> _Information_:
☆ ☆ ☆ ☆
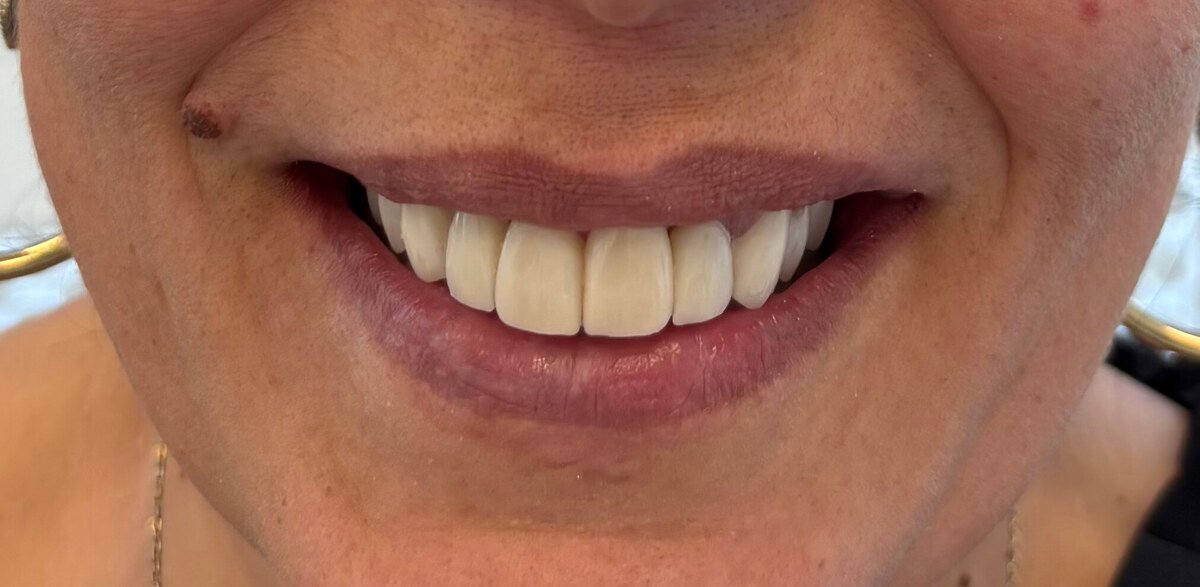 carillas-dentales-despues-4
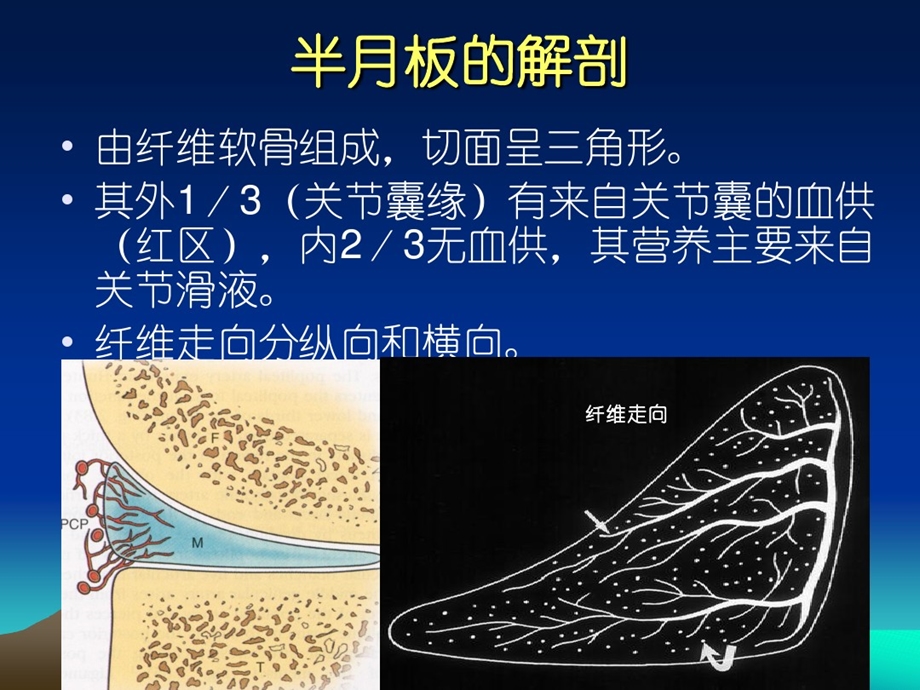 半月板损伤标准课件.ppt_第3页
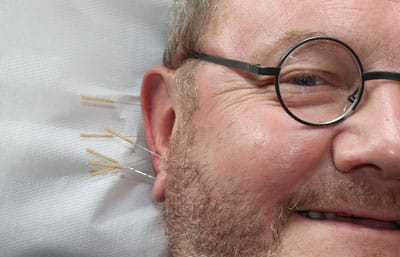 Aurikulomedizin und RACTestung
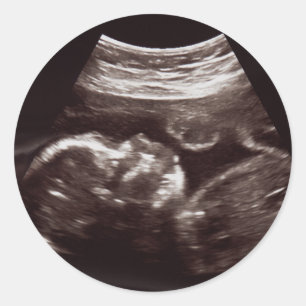 Ultrasound Photo Baby Shower Thank You Seal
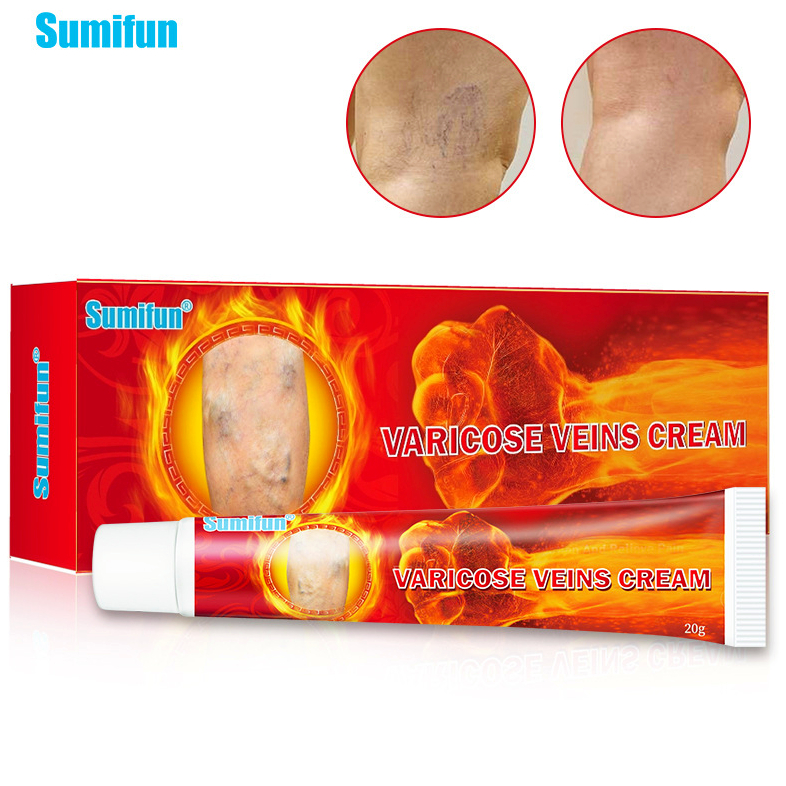 Jual SUMIFUN Varicose Vein Repair Cream Varicosity Relief Varicose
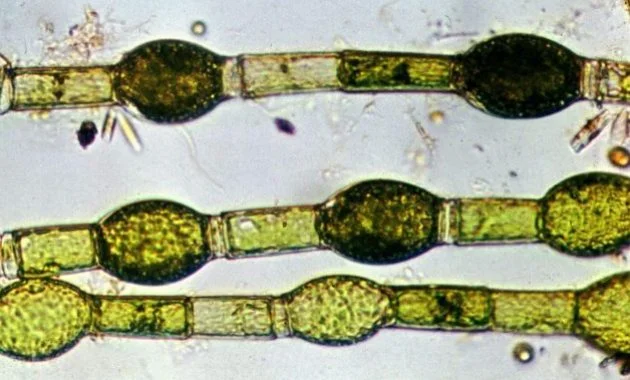 Oedogonium Algae Under Microscope
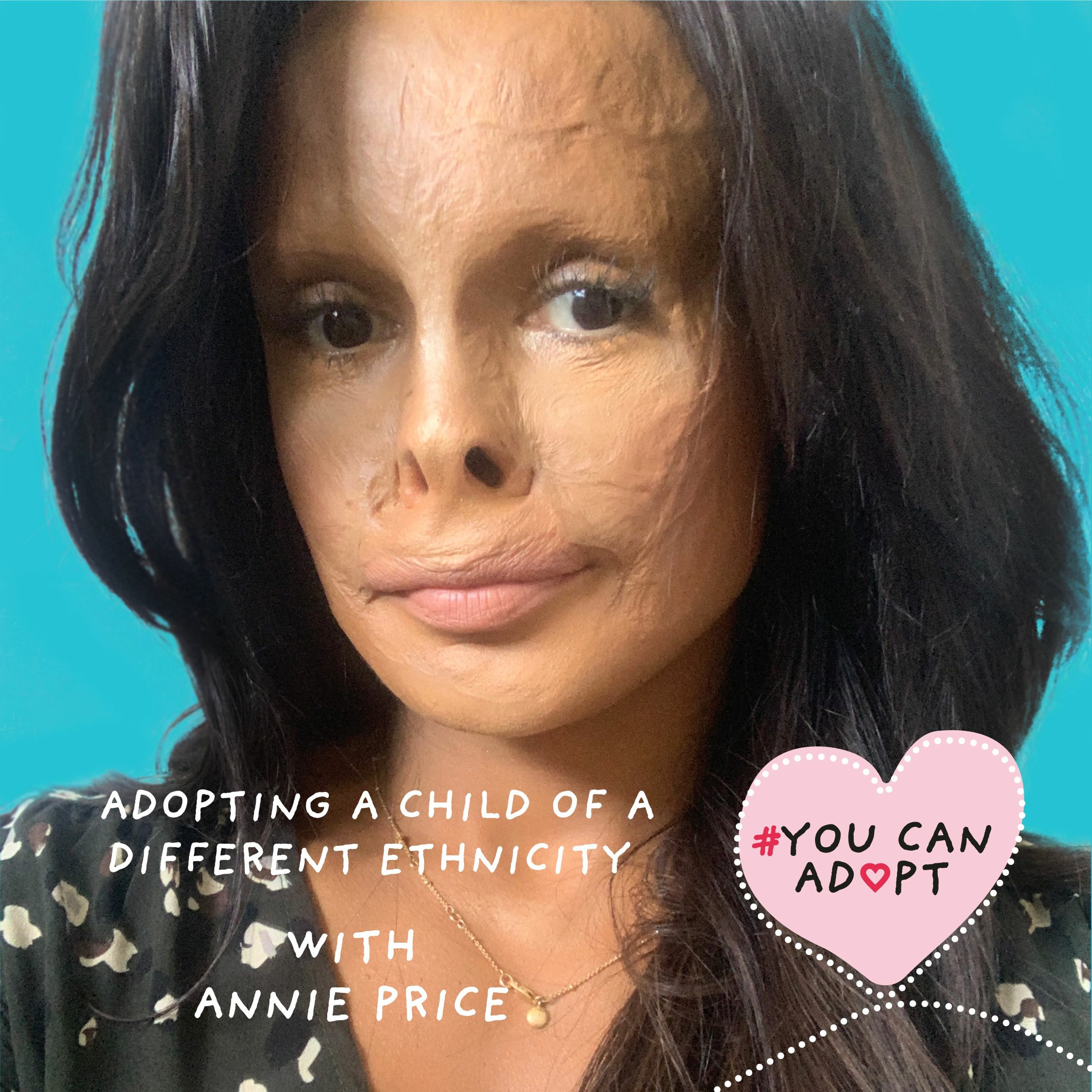 Adopting a Child of a Different Ethnicity with Annie Price episode artwork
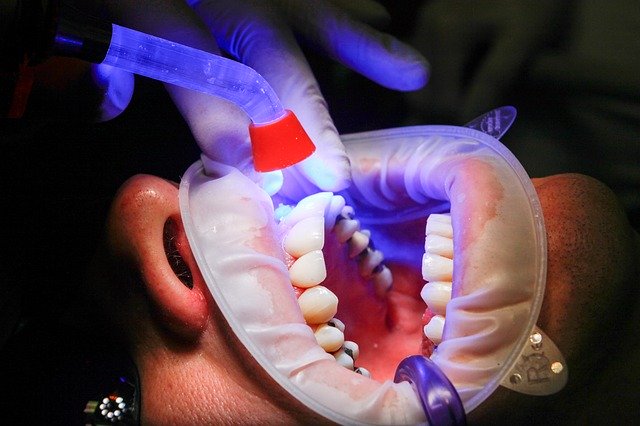 Diş hekimlerine göre en iyi 10 evde diş beyazlatma seti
☆ ☆ ☆ ☆
> _Task to carry out_:
Pictures stay out; print everything else in the data exactly.

> _Completed exercise_:
 carillas-dentales-despues-4
 半月板损伤标准课件.ppt_第3页
 Aurikulomedizin und RACTestung
 Ultrasound Photo Baby Shower Thank You Seal
 Jual SUMIFUN Varicose Vein Repair Cream Varicosity Relief Varicose
 Oedogonium Algae Under Microscope
 Adopting a Child of a Different Ethnicity with Annie Price episode artwork
 Diş hekimlerine göre en iyi 10 evde diş beyazlatma seti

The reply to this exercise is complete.